Catalogue entry no. 44 by William W. Robinson:

When this impressive drawing came to light in a 1994 New York auction, it was sold with the attribution “Circle of Adam Elsheimer.” In his entry in the sale catalogue, Gregory Rubinstein suggested that it might be by the Dutch draftsman and printmaker Hendrick Goudt, Elsheimer’s patron and the author of seven celebrated engravings after pictures by the German master.1 Comparison of the present sheet with two studies by Goudt of a nude female model—one of which is in the Maida and George Abrams Collection (Fig. 1)—confirms that the Temptation of Jesus can be assigned to him with confidence.2 Its technique is identical to that of the life studies: rigorously methodical cross-hatching to model the darker areas and neat, disciplined parallel lines for the middle tones. The clothing in The Temptation of Jesus and the flesh of the model’s body in the nudes display hard, faceted surfaces, which Goudt evoked through the stark contrast of the densely applied pen work and the large, planar reserves that represent eye-catching highlights. The lapidary surface effects and systematic technique of the drawings derive from engravings of the 1590s by Hendrick Goltzius.3 Following the lead of Goltzius and other draftsmen in his circle, such as Jacques de Gheyn II and Jan Harmensz. Muller, Goudt adapted the linear vocabulary of Goltzius’s engravings to produce virtuoso pen drawings.

Goudt’s earliest documented work is a painstaking pen-and-ink copy after an engraving by Lucas van Leyden. It is signed and dated 1600, when the artist was sixteen or seventeen years of age.4 The Temptation of Jesus and the two nude studies probably also date from the first years of the seventeenth century.5 We have no documentation of the artist’s training, but in addition to the influence of Goltzius’s engravings, Goudt’s drawings are indebted to the work of Jacques de Gheyn II, who might have been his teacher.6 De Gheyn settled in 1601 in the Hague, where Goudt presumably resided, and Goudt’s mature studies attest to his familiarity with De Gheyn’s drawings of around 1600.7

The Harvard drawing illustrates an event related in the gospels of Saint Matthew (4:1–4) and Saint Luke (4:1–4). Following his baptism, Jesus fasted for forty days in the desert. The devil tempted him three times.
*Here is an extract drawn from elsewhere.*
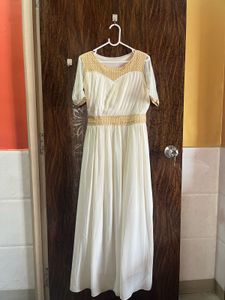 34 Bust Maxi Dress For Women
At his first appearance he said to Jesus, “If thou be the Son of God, command that these stones be made bread.” In Goudt’s drawing, Satan points to the stone held in his right hand as he listens to Jesus’s reply: “It is written, Man shall not live by bread alone, but by every word that proceedeth out of the mouth of God” (Matthew 4:4). In accordance with a Renaissance iconographic tradition, the tempter disguises his true identity by wearing a monk’s habit.8

Notes

1 Catalogue of the sale, Sotheby’s, New York, 12 January 1994, lot 77.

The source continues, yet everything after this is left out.